Un regard qui sauve ?
Au cours des siècles, l'abbaye s'est dégradée et elle a bien besoin de bienfaiteurs. En l'occurrence c'est sous l'aspect de bienfaitrices qu'en 1938 deux demoiselles artistes, vierges consacrées, Mademoiselle Denis et Mademoiselle Blanchot, originaires de Paris, engagent des transactions pour acheter la propriété. « J'ai vu un clocher qui m'a fait signe » aurait dit Mademoiselle Denis, passant aux abords du monastère dans un train reliant Paris à Brest. Restaurer ces ruines ? Un grand défi à relever !

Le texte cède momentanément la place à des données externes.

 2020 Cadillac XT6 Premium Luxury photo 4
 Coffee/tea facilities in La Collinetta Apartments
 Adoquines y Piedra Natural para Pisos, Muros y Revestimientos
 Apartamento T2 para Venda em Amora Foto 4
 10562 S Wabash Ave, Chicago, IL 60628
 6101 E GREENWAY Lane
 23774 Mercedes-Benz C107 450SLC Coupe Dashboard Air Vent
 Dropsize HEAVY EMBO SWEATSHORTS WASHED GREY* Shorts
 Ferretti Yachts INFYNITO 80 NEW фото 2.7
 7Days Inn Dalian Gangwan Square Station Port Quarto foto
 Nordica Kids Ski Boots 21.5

Les transactions traînent, l'abbaye se dégrade et en 1945, à Pâques, le clocher de l'église s'effondre. En 1954, le propriétaire fait une proposition de vente moyennant 500 000 francs. Une SCI est créée dans laquelle les demoiselles gardent 65% des parts et distribuent le reste.
Peu à peu, l'abbaye commence à se relever grâce à l'investissement de toutes leurs économies. De jeunes bénévoles œuvrent à la restauration du monastère. L'abbaye de Clairmont obtiendra le premier prix des chefs d'œuvre en péril, prix remis par André Malraux, pour les actions de sauvegarde du patrimoine français.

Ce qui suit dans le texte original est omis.